[Records]

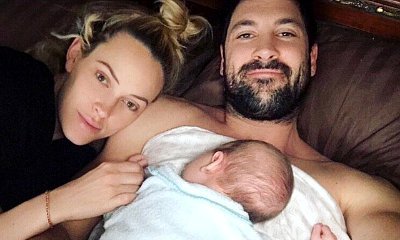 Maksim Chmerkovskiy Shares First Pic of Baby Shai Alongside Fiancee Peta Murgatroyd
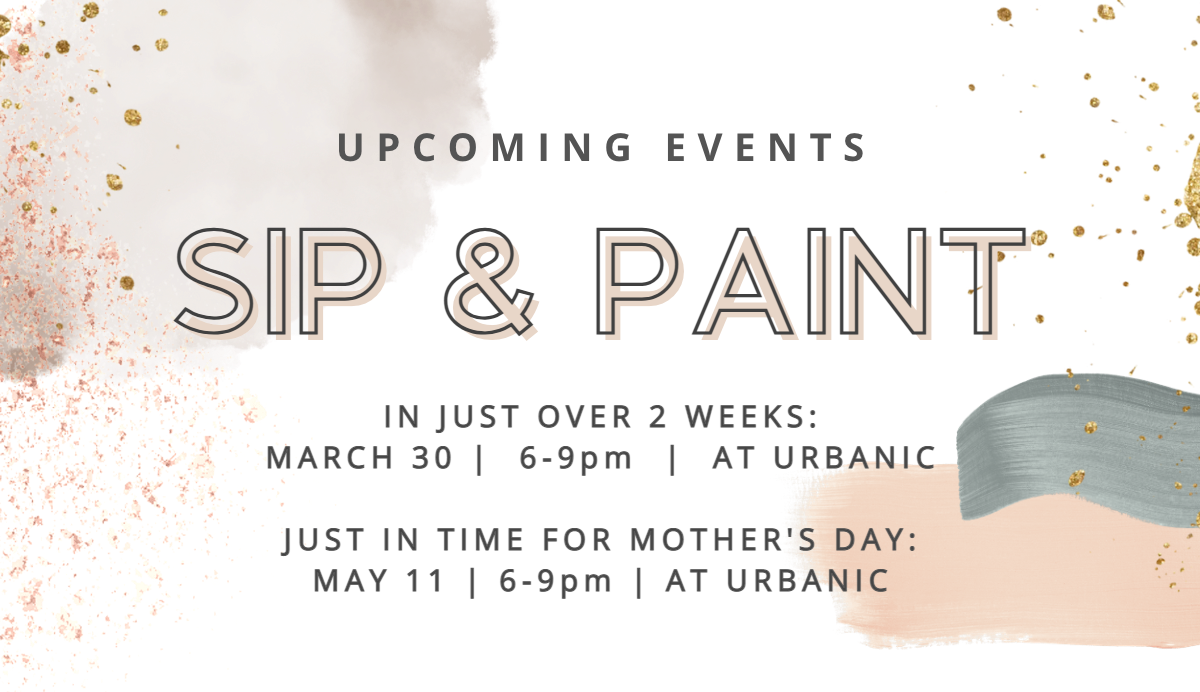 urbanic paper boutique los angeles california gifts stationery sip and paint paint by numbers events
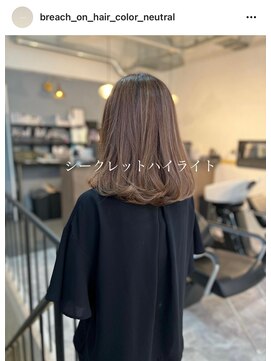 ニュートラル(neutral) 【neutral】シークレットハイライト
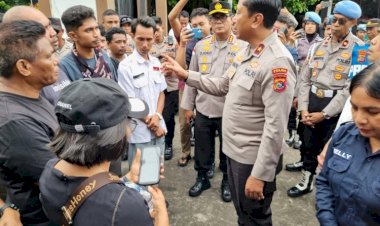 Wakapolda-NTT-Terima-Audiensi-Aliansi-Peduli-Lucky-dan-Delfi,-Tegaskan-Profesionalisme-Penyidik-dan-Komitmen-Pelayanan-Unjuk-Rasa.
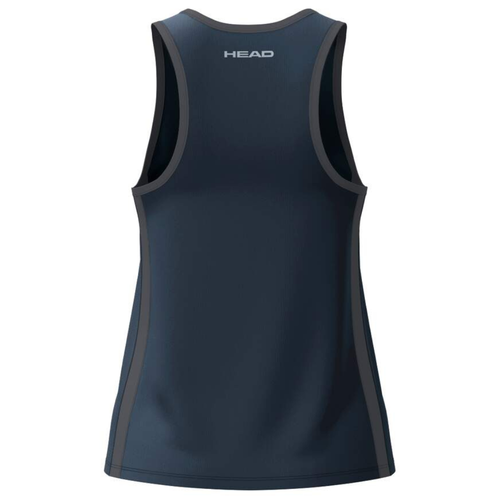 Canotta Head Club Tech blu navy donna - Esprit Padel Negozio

[/Records]

> **Task prompt**
Would you return all of the entries unchanged while omitting the images?

> **Final answer**
 Maksim Chmerkovskiy Shares First Pic of Baby Shai Alongside Fiancee Peta Murgatroyd
 urbanic paper boutique los angeles california gifts stationery sip and paint paint by numbers events
 ニュートラル(neutral) 【neutral】シークレットハイライト
 Wakapolda-NTT-Terima-Audiensi-Aliansi-Peduli-Lucky-dan-Delfi,-Tegaskan-Profesionalisme-Penyidik-dan-Komitmen-Pelayanan-Unjuk-Rasa.
 Canotta Head Club Tech blu navy donna - Esprit Padel Negozio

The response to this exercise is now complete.